News Feature | November 30, 2016

Hard Push For New Drinking Water Regulations On Nutrients In Iowa

Sara Jerome

By Sara Jerome,
@sarmje

Water quality advocates raised the stakes in Iowa’s protracted runoff fight recently by making a strong push for new regulations on agriculture after watching policymakers lean on voluntary standards for years. 

“Water quality advocates who see little progress toward reducing nitrate and phosphorous pollution in the Mississippi River and Iowa waterways called for bolder action by state and federal agencies, including the possibility of farmland regulations,” The Gazette reported

“The Mississippi River Collaborative released a report ... suggesting state regulations are inadequate and it’s time for federal officials to force action to improve water quality. [One advocate] says she’s hopeful that in 2017, legislators at the state level will find a ‘sustainable source’ of funding for water quality projects,” Radio Iowa reported

In a report titled "Decades of Delay," advocates pointed out that over 90 percent of phosphorus-discharging facilities in Iowa regulated under National Pollutant Discharge Elimination System permits have no limits or monitoring. 

The fight over water quality in the nation’s second-ranked agriculture-producing state has pitted utilities against farmers, sparking litigation and years of battles over policy.
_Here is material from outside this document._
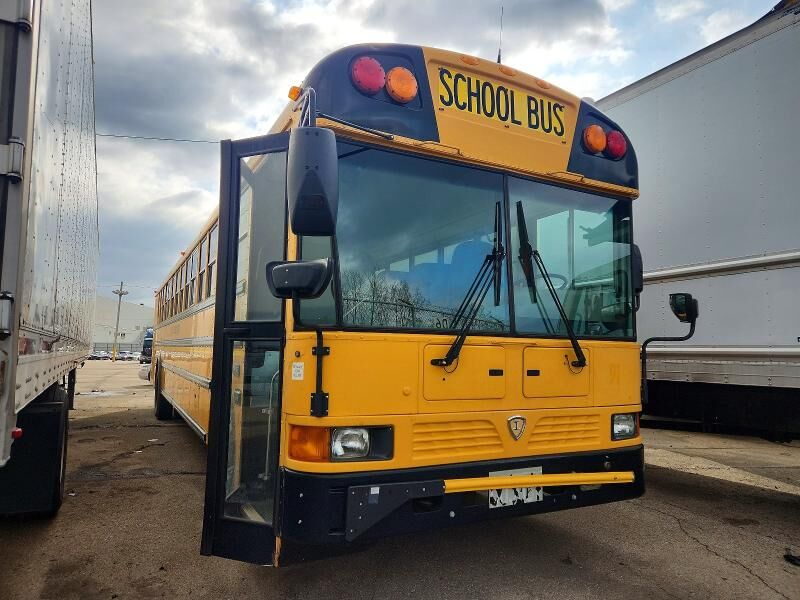 2016 IC BUS PB305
Water quality advocates now say they are fed up with voluntary measures that have done little to rein in pollution and want to see stricter rules in place to clean up the state’s ailing waterways. 

Susan Heathcote of the Iowa Environmental Council framed the problem like this, per The Gazette: “Despite decades of voluntary efforts in Iowa, nitrate pollution from farm runoff continues to threaten the safety of drinking water.” 
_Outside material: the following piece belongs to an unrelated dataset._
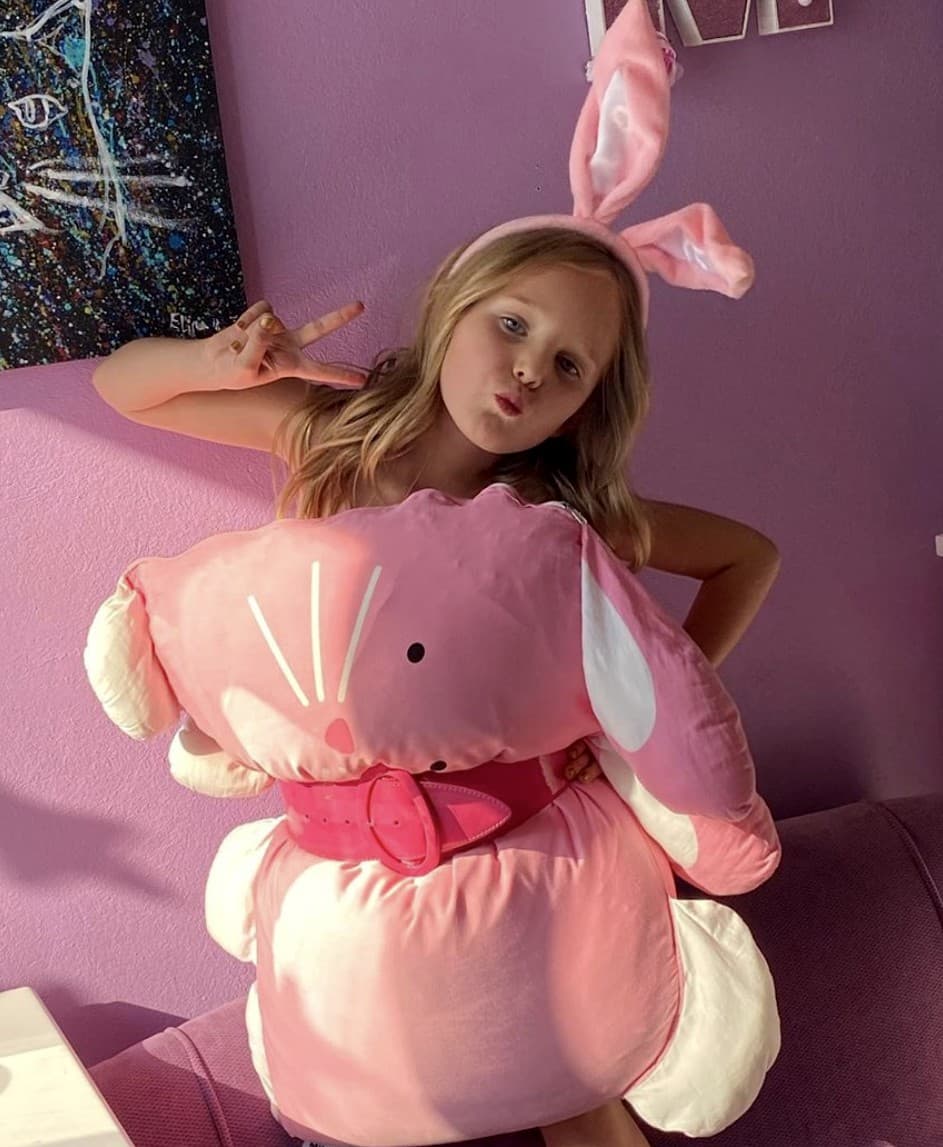 "Porque pues está acostumbrada a jugar mucho y en los niños más pequeños, el tiempo de concentración no es el mismo".
<br>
The issue is “not only a problem for the Des Moines Water Works, which provides water for 500,000 Iowans, but for the 260 public water utilities that provide drinking water to small towns and rural areas,” the report said, citing Heathcote. 

The Iowa Environmental Council and Mississippi River Collaborative had a clear message: existing programs have failed. 

The groups “called for the U.S. Environmental Protection Agency to take specific action to regulate excess nitrogen and phosphorus pollution in state waters along the Mississippi River because Iowa and the nine other border states haven’t achieved any significant pollution reductions on their own,” the report said. 

“They called for the EPA to set numeric limits of allowable nitrogen and phosphorus in state waters, assessing water quality for nitrogen and phosphorus pollution that creates impaired waterways and ensuring states develop nutrient reduction strategies with specific implementation plans and adequate funding,” it continued. 

David Osterberg of the Iowa Policy Project said at a news conference in November, per the news report: “When we look at the status of water quality in the Mississippi and also within the state, we just can’t find much improvement there.”